Il y a de l’eau dans le gaz chez Les Républicains. A une semaine du congrès qui doit désigner le candidat à la présidentielle, du 1er au 4 décembre, le parti multiplie les bisbilles, voire les ruptures. Renaud Muselier, Xavier Bertrand et Eric Ciotti sont notamment au coeur de nouvelles querelles.

Et pour cause : le premier a tout bonnement décidé de quitter le parti, dont il était membre depuis 35 ans. Renaud Muselier, président de la puissante région Paca, a annoncé ce mercredi 24 novembre son départ des Républicains. Il dénonce une «dérive» de son ex-famille politique vers l’extrême droite et désigne Eric Ciotti, député des Alpes-Maritimes, comme le principal responsable.

Ce dernier a notamment déjà dit qu’il préférerait voter Eric Zemmour, pas encore candidat, plutôt qu’Emmanuel Macron au deuxième tour de la présidentielle, si l’occasion se présentait. Renaud Muselier l’accuse ainsi de «véhiculer les idées» du polémiste «à l’intérieur de LR» et est allé jusqu’à qualifier Eric Ciotti de «faux-nez de l’extrême-droite». Des propos condamnés par plusieurs figures LR telles que Michel Barnier ou Valérie Pécresse.

Xavier Bertrand a quant à lui jugé ces attaques «inacceptables», refusant même le soutien de Renaud Muselier, qui l’a désigné mardi comme son «choix personnel» dans la course à l’investiture LR. Cette prise de position du président des Hauts-de-France lui a valu quelques critiques, étant donné qu’il avait lui-même quitté Les Républicains en 2017, pour des raisons similaires à celles invoquées aujourd’hui par Renaud Muselier. A l’époque, Xavier Bertrand s’était opposé à la nomination de Laurent Wauquiez à la tête du parti, le jugeant trop à droite à son goût.

«Quelle est notre porosité avec l’extrême droite ?»

Sachant qu’Eric Ciotti a récemment affirmé qu’il nommerait ce même Laurent Wauquiez Premier ministre s’il était élu président, le soutien de Xavier Bertrand au député des Alpes-Maritimes surprend certains observateurs. Christian Estrosi, maire de Nice et ex-LR, a ainsi considéré que le président des Hauts-de-France avait «mis tout simplement un genou à terre».

De son côté, Renaud Muselier estime que «la question est simple : quelle est notre porosité avec l’extrême droite ? La réponse n’est pas claire du tout». Aujourd’hui, celui qui s’est «battu contre le Front national toute sa vie» pense que son ex-famille politique est «en très grand danger». Une opinion qu’Eric Ciotti, ne partage pas.

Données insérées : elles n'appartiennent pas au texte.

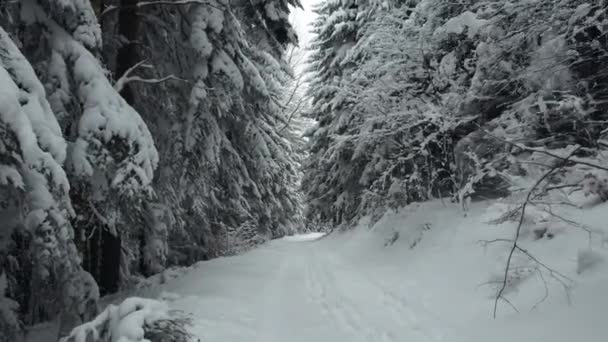 Mountain Path Fantastic Frost Covered Snow Beautiful Shots Heavy Snowfall — Stock Video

Sur Twitter, le député des Alpes-Maritimes s’est félicité du départ de son rival, souhaitant «Bon vent chez En Marche!» à Renaud Muselier.

En réalité, cette nouvelle désunion risque de fragiliser une famille politique déjà reléguée en quatrième position dans les sondages, derrière Emmanuel Macron et l’extrême droite. Lors des régionales en Paca, déjà, le positionnement face à LREM avait posé problème et entraîné la démission des Républicains de Christian Estrosi et Hubert Falco, respectivement maires de Nice et Toulon. A l’époque, Eric Ciotti et Renaud Muselier s’étaient déjà opposés, le premier militant pour que LR retire son soutien en Paca au second. Des mois plus tard, il semblerait que la question divise toujours.